The optional arguments of reduce allow us to skip certain parts of an expression. E.g. reduce e (explicitOnly := true) does not normalise any implicit arguments in the expression e. This yields better performance: since normal forms can be very big, it may be a good idea to skip parts of an expression that the user is not going to see anyway.

The #reduce command is essentially an application of reduce:

#reduce someNumber
-- 5

Transparency

An ugly but important detail of Lean 4 metaprogramming is that any given expression does not have a single normal form. Rather, it has a normal form up to a given transparency.

A transparency is a value of Lean.Meta.TransparencyMode, an enumeration with four values: reducible, instances, default and all. Any MetaM computation has access to an ambient TransparencyMode which can be obtained with Lean.Meta.getTransparency.

The current transparency determines which constants get unfolded during normalisation, e.g. by reduce. (To unfold a constant means to replace it with its definition.) The four settings unfold progressively more constants:

reducible: unfold only constants tagged with the @[reducible] attribute. Note that abbrev is a shorthand for @[reducible] def.
instances: unfold reducible constants and constants tagged with the @[instance] attribute. Again, the instance command is a shorthand for @[instance] def.
default: unfold all constants except those tagged as @[irreducible].
all: unfold all constants, even those tagged as @[irreducible].

The ambient transparency is usually default. To execute an operation with a specific transparency, use Lean.Meta.withTransparency. There are also shorthands for specific transparencies, e.g. Lean.Meta.withReducible.

Putting everything together for an example (where we use Lean.Meta.ppExpr to pretty-print an expression):

def traceConstWithTransparency (md : TransparencyMode) (c : Name) :
    MetaM Format := do
  ppExpr (← withTransparency md $ reduce (.const c []))
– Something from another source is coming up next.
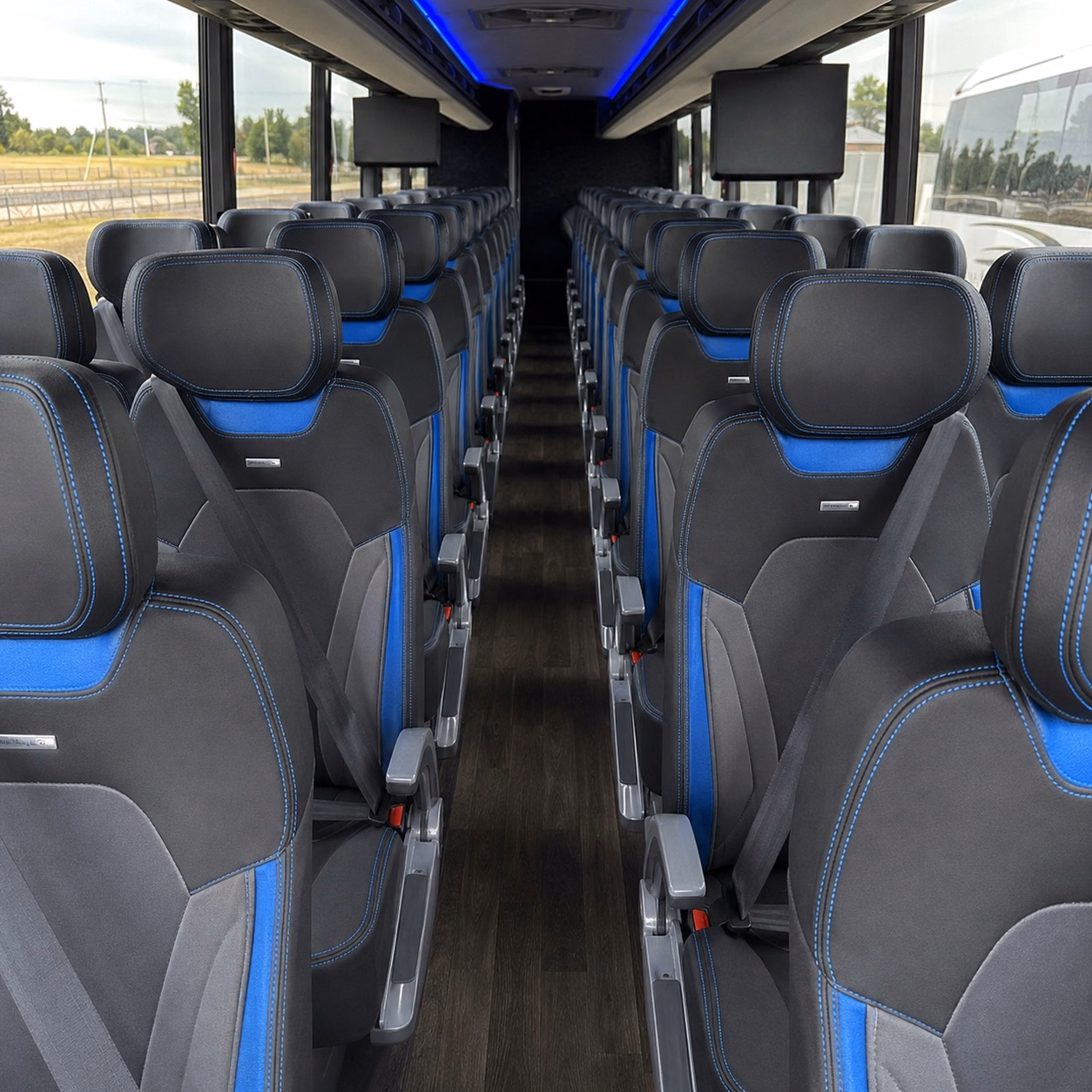 56 passenger charter bus interior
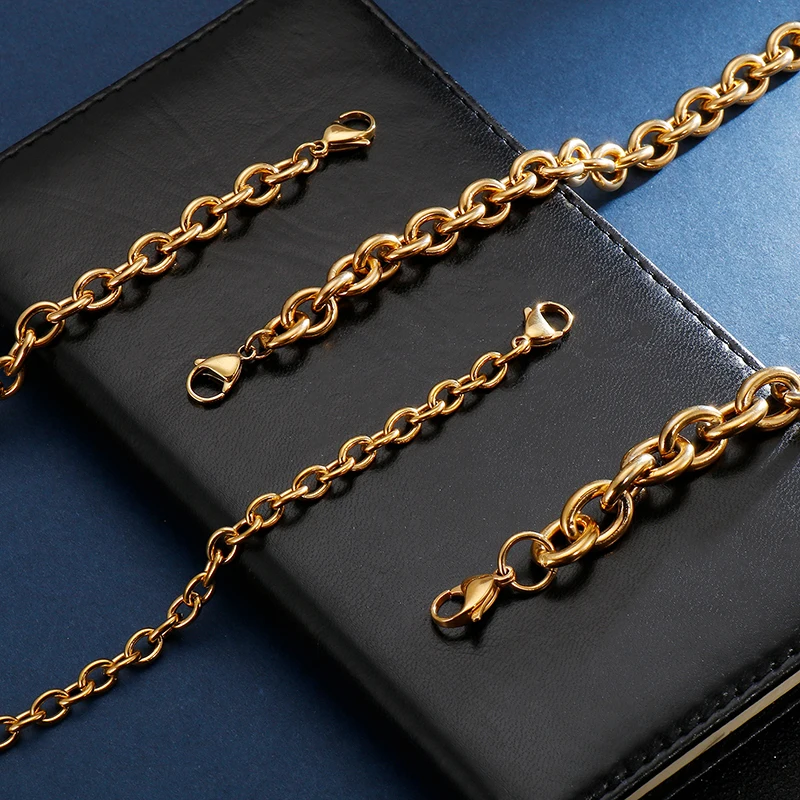 KALEN Gold Color Link Chain Bracelet For Men Women Stainless Steel 11mm Chunky Chain 16cm-24cm Hand Wristband Unisex Jewelry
@[irreducible] def irreducibleDef : Nat      := 1
def                defaultDef     : Nat      := irreducibleDef + 1
abbrev             reducibleDef   : Nat      := defaultDef + 1

We start with reducible transparency, which only unfolds reducibleDef:

#eval traceConstWithTransparency .reducible ``reducibleDef
-- defaultDef + 1

If we repeat the above command but let Lean print implicit arguments as well, we can see that the + notation amounts to an application of the hAdd function, which is a member of the HAdd typeclass:

set_option pp.explicit true in
#eval traceConstWithTransparency .reducible ``reducibleDef
-- @HAdd.hAdd Nat Nat Nat (@instHAdd Nat instAddNat) defaultDef 1

When we reduce with instances transparency, this applications is unfolded and replaced by Nat.add:

#eval traceConstWithTransparency .instances ``reducibleDef
-- Nat.add defaultDef 1

With default transparency, Nat.add is unfolded as well:

#eval traceConstWithTransparency .default ``reducibleDef
-- Nat.succ (Nat.succ irreducibleDef)

And with TransparencyMode.all, we're finally able to unfold irreducibleDef:

#eval traceConstWithTransparency .all ``reducibleDef
-- 3

The #eval commands illustrate that the same term, reducibleDef, can have a different normal form for each transparency.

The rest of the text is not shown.